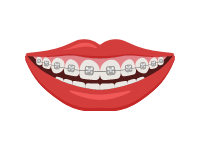 Braces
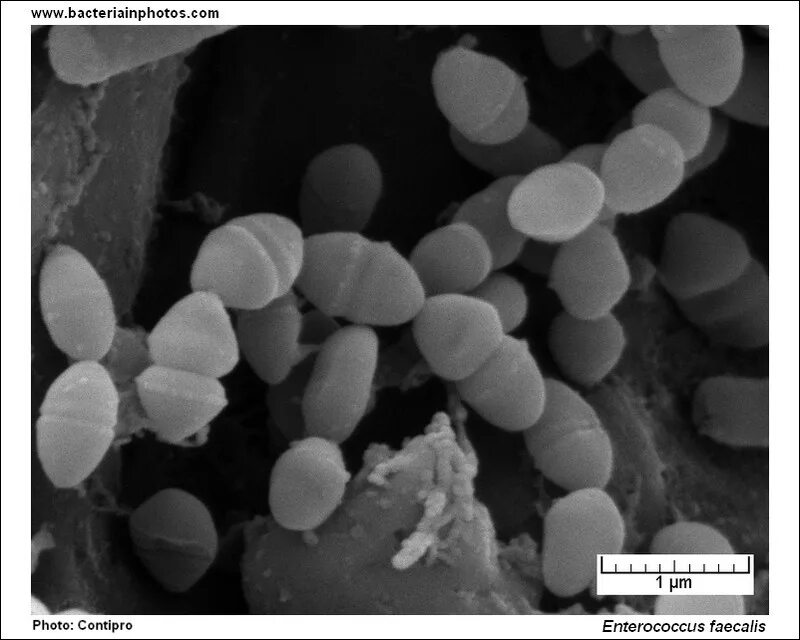 Enterococcus faecalis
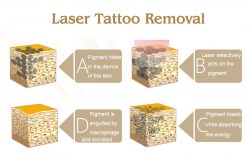 Laser Tattoo Removal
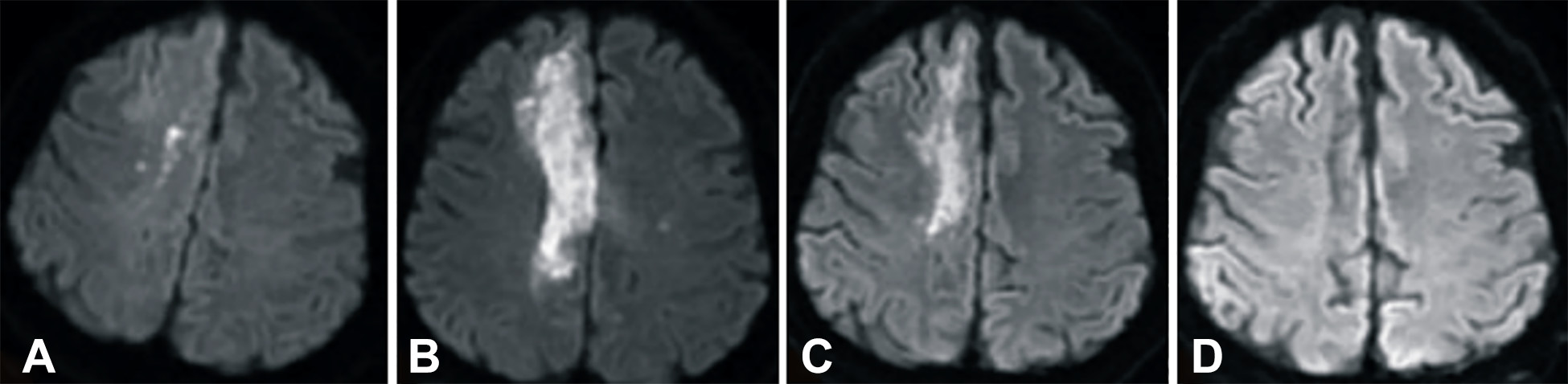 卒中發(fā)病后2小時和單核細胞臍帶血輸注后6個月獲得的彌散加權(quán)圖像 卒中發(fā)病后2小時和單核細胞臍帶血輸注后6個月獲得的彌散加權(quán)圖像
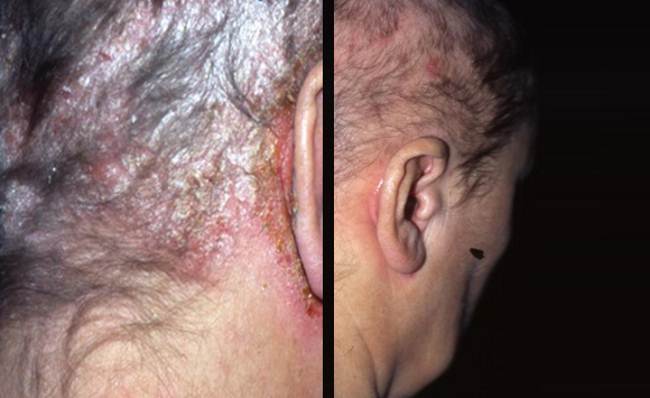 Scalp psoriasis treatment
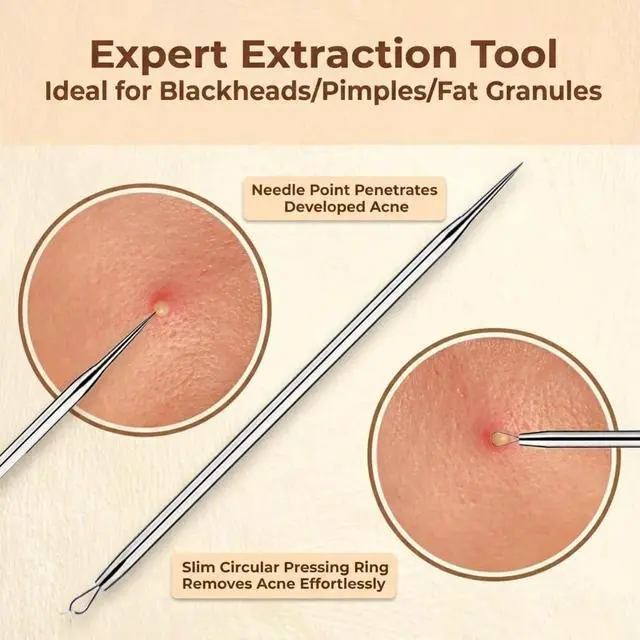 Alt view image 3 of 7 - 2 Pcs Pimple Extractor Tool 410 Grade Stainless Steel | Comedone Extractor, Pimple Popper, Blackhead Remover for Face, Zit Popper, Pimple Needle for Acne Removal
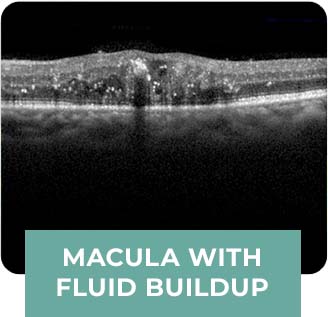 Macula with Fluid Buildup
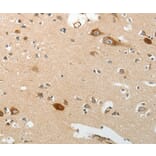 Immunohistochemistry - SREBF2 Antibody from Signalway Antibody (37043) - Antibodies.com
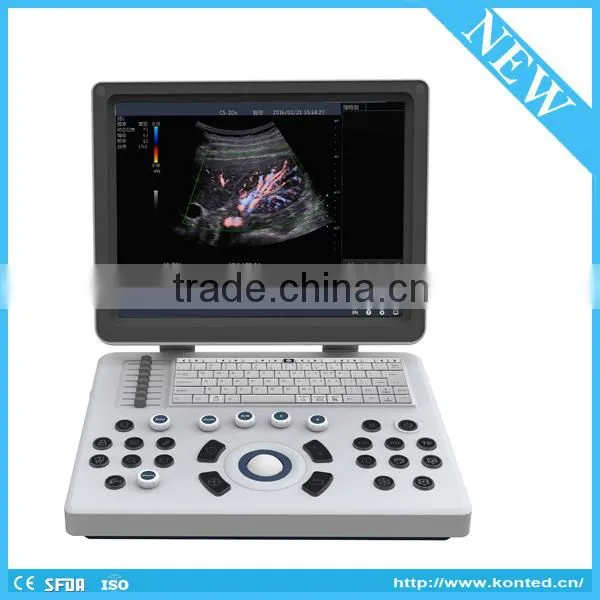 Multifunctional 4d Ultrasound With 128 Elements Electronic Probes Quality Choice photo-3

## YOUR OBJECTIVE
Reproduce the lines above exactly, image-free.

## RESPONSE
 Braces
 Enterococcus faecalis
 Laser Tattoo Removal
 卒中發(fā)病后2小時和單核細胞臍帶血輸注后6個月獲得的彌散加權(quán)圖像 卒中發(fā)病后2小時和單核細胞臍帶血輸注后6個月獲得的彌散加權(quán)圖像
 Scalp psoriasis treatment
 Alt view image 3 of 7 - 2 Pcs Pimple Extractor Tool 410 Grade Stainless Steel | Comedone Extractor, Pimple Popper, Blackhead Remover for Face, Zit Popper, Pimple Needle for Acne Removal
 Macula with Fluid Buildup
 Immunohistochemistry - SREBF2 Antibody from Signalway Antibody (37043) - Antibodies.com
 Multifunctional 4d Ultrasound With 128 Elements Electronic Probes Quality Choice photo-3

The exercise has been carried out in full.